The compiler is unable to vectorize this loop, because the same index could appear more than once in the indices array. Therefore a vectorized version of the algorithm would lose some of the increment operations if two identical indices are processed in the same vector load/increment/store sequence.

However, if the programmer knows that the indices array only ever contains unique elements, then it is useful to be able to force the compiler to vectorize this loop. This is accomplished by placing the pragma before the loop:

void update_unique(int *restrict histogram, int *restrict indices, int count)
{
  #pragma clang loop vectorize(assume_safety)
  for (int i = 0; i < count; i++)
  {
    histogram[ indices[i] ]++;
  }
}

Suppressing auto-vectorization with pragmas

If SVE auto-vectorization is not required for a specific loop, you can disable it or restrict it to only use Arm SIMD (NEON) instructions.

You can suppress auto-vectorization on a specific loop by adding #pragma clang loop vectorize(disable) immediately before the loop. In this example, a loop that would be trivially vectorized by the compiler is ignored:

void combine_arrays(int *restrict a, int *restrict b, int count)
{
  #pragma clang loop vectorize(disable)
  for ( int i = 0; i < count; i++ )
  {
    a[i] = b[i] + 1;
  }
}

You can also suppress SVE instructions while allowing Arm NEON instructions by adding a vectorize_style hint:

vectorize_style(fixed_width)

Prefer fixed-width vectorization, resulting in Arm NEON instructions. For a loop with vectorize_style(fixed_width), the compiler prefers to generate Arm NEON instructions, though SVE instructions may still be used with a fixed-width predicate (such as gather loads or scatter stores).

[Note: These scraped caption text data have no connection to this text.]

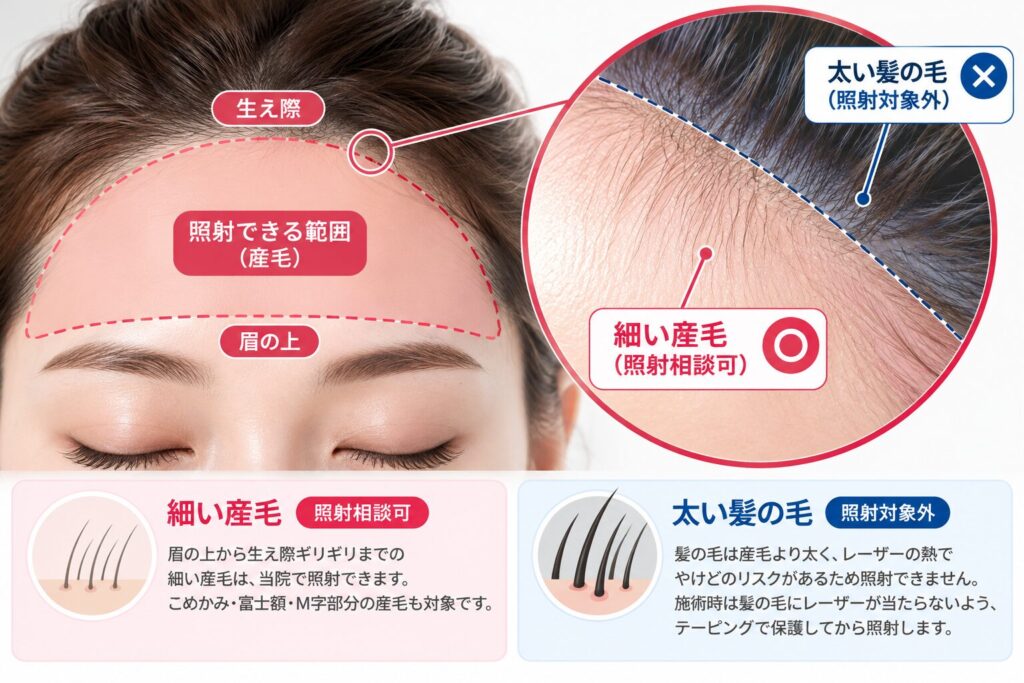 おでこを広くしたい場合は髪の毛への照射に注意が必要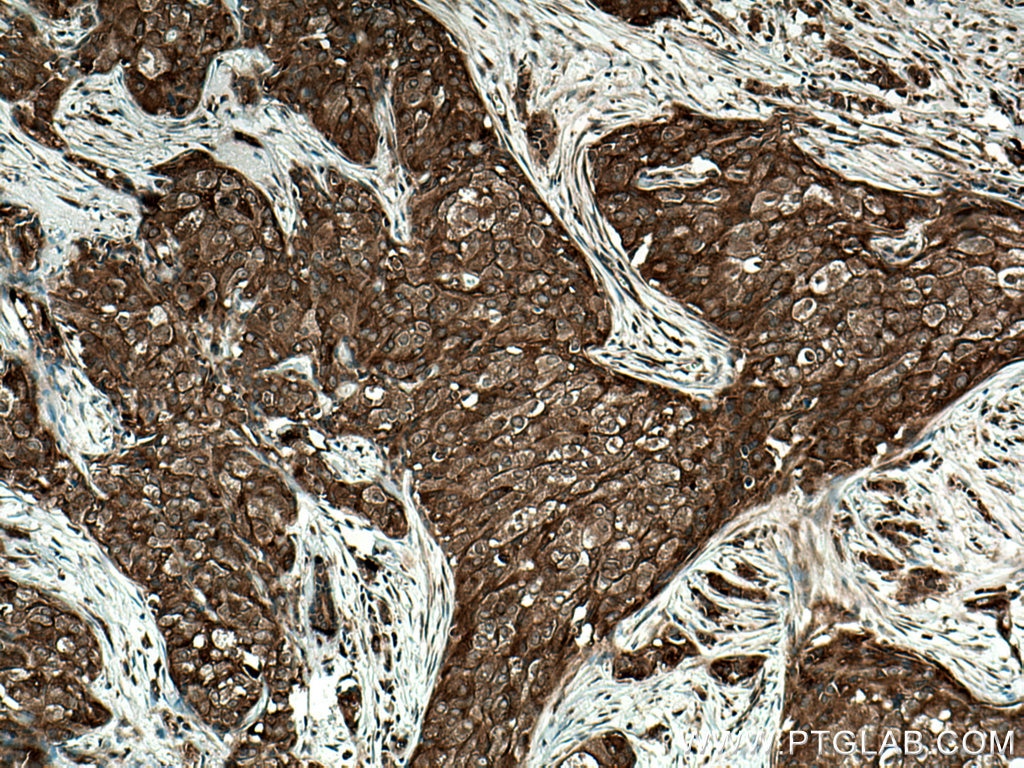 IHC staining of human breast cancer using 67039-1-Ig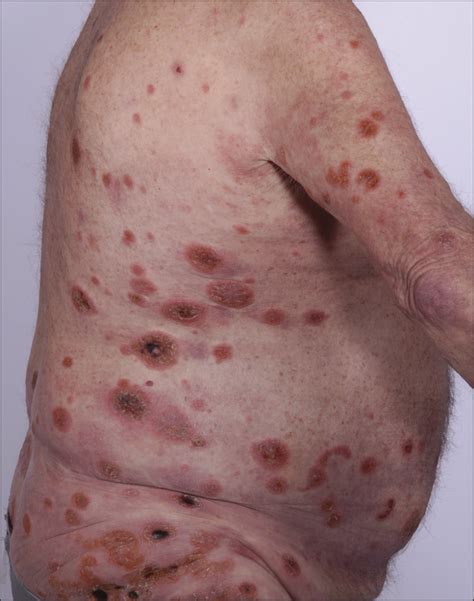 Fatal Cytotoxic Cutaneous Lymphoma Presenting as Ulcerative Psoriasis ...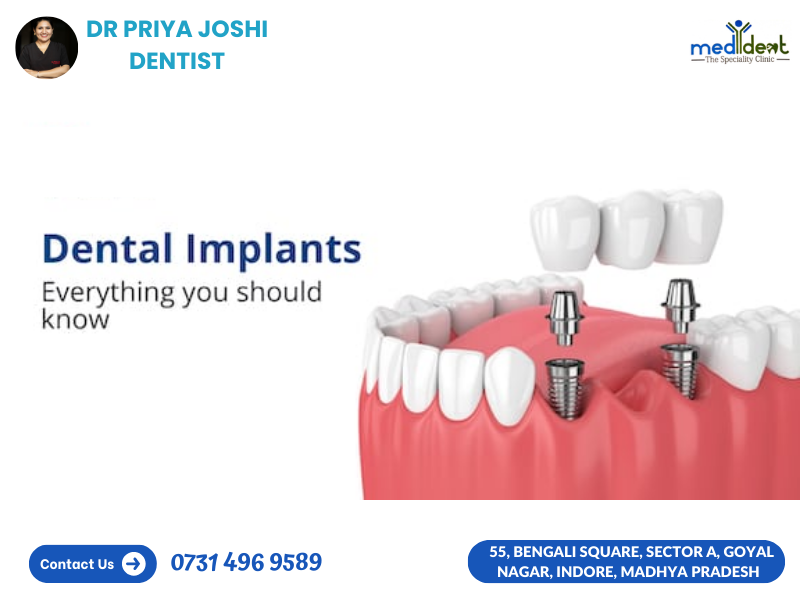 Read more about the article Transform Your Smile with Dr. Priya Joshi, the Best Dentist in Indore – Where Advanced Dental Implants Meet Exceptional Care!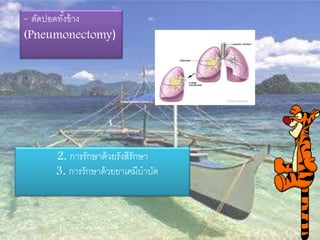 - ตัดปอดทังข้ าง
          ้
(Pneumonectomy)




     2. การรักษาด้ วยรังสีรักษา
     3. การรักษาด้ วยยาเคมีบาบัด
 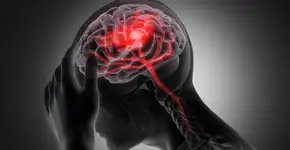 Uma em cada quatro pessoas pode sofrer um AVC, mas 90% dos casos são evitáveis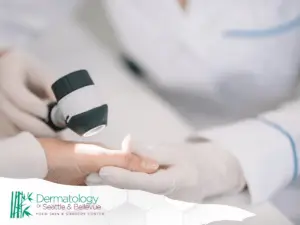 Dermatologist examining a patient's hand with a dermatoscope, with the Dermatology of Seattle & Bellevue logo in the corner.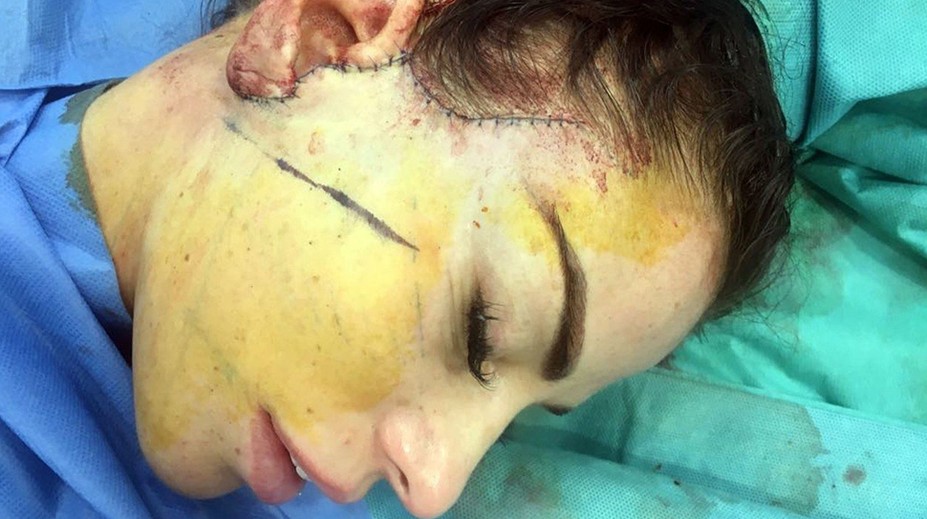 Len pre silné žalúdky! Modelka zverejnila zábery z kozmetického zákroku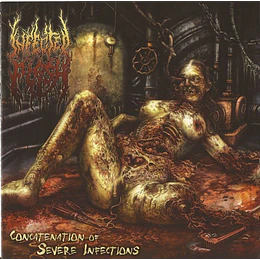 Infected Flesh – Concatenation Of Severe Infections CD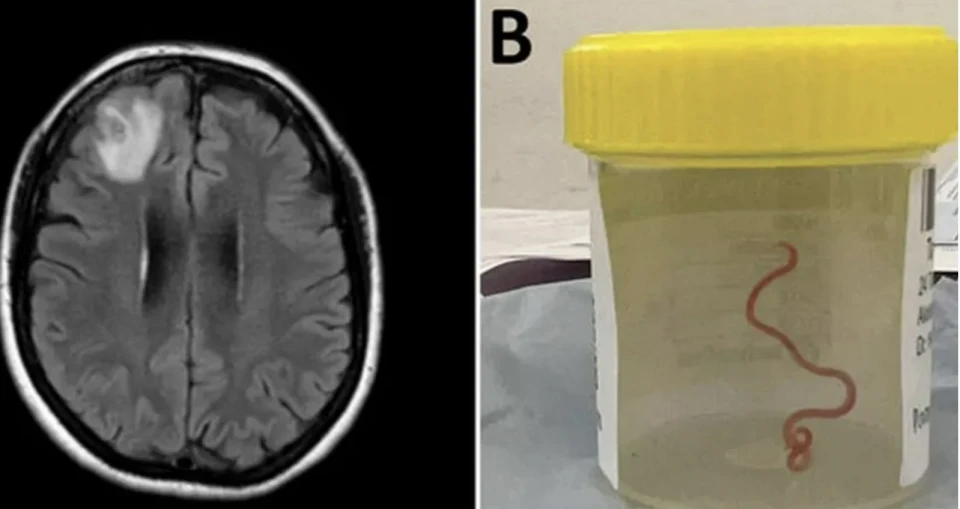 На фото: черв'як у мозку
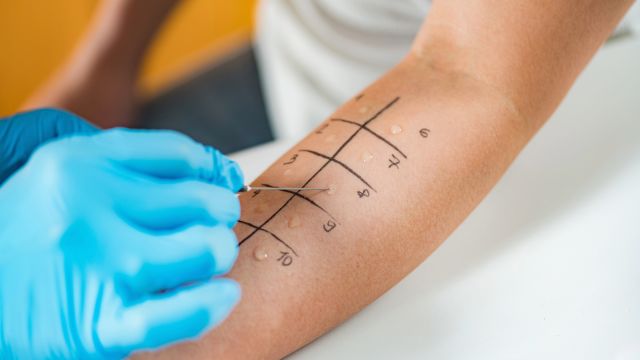 A young adult is tested for food allergies using a skin prick test on the forearm.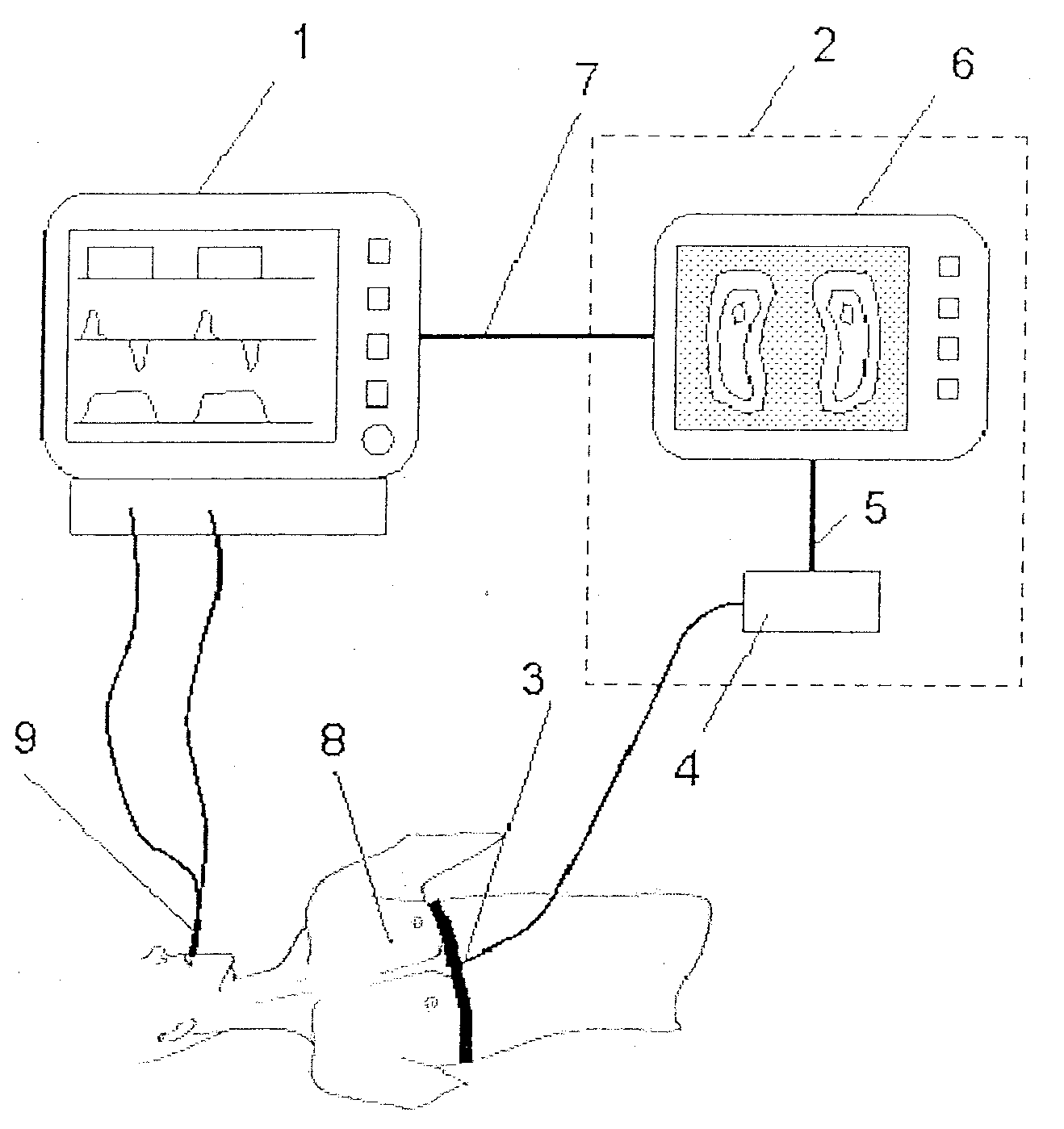 Process and device for lung ventilation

vectorize_style(scaled_width)

Prefer scaled-width vectorization, resulting in SVE instructions. For a loop with vectorize_style(scaled_width), the compiler prefers SVE instructions but can choose to generate Arm NEON instructions or not vectorize at all. This is the default.

For example:

void combine_arrays(int *restrict a, int *restrict b, int count)
{
  #pragma clang loop vectorize(enable) vectorize_style(fixed_width)
  for ( int i = 0; i < count; i++ )
  {
    a[i] = b[i] + 1;
  }
}

Unrolling and interleaving with pragmas

To enable better use of processor resources, loops can be duplicated to reduce the loop iteration count and increase the instruction-level parallelism (ILP). For scalar loops, the method is called unrolling. For vectorizable loops, interleaving is performed.

Unrolling

Unrolling a scalar loop, for example:

for (int i = 0; i < 64; i++) {
  data[i] = input[i] * other[i];
}

by a factor of two, gives:

for (int i = 0; i < 32; i +=2) {
  data[i] = input[i] * other[i];
  data[i+1] = input[i+1] * other[i+1];
}

For this example, two is the unrolling factor (UF). To unroll to the internal limit, the following pragma is inserted before the loop:

#pragma clang loop unroll(enable)

To unroll to a user-defined UF, instead insert:

#pragma clang loop unroll_count(_value_)

Interleaving

To interleave, an interleaving factor (IF) is used instead of a UF. To accurately generate interleaved code, the loop vectorizer models the cost on the register pressure and the generated code size. When a loop is vectorized, the interleaved code can be more optimal than unrolled code.

Like the UF, the IF can be the internal limit or a user-defined integer. To interleave to the internal limit, the following pragma is inserted before the loop:

#pragma clang loop interleave(enable)

To interleave to a user-defined IF, instead insert:

#pragma clang loop interleave_count(_value_)

Note: Interleaving performed on a scalar loop will not unroll the loop correctly.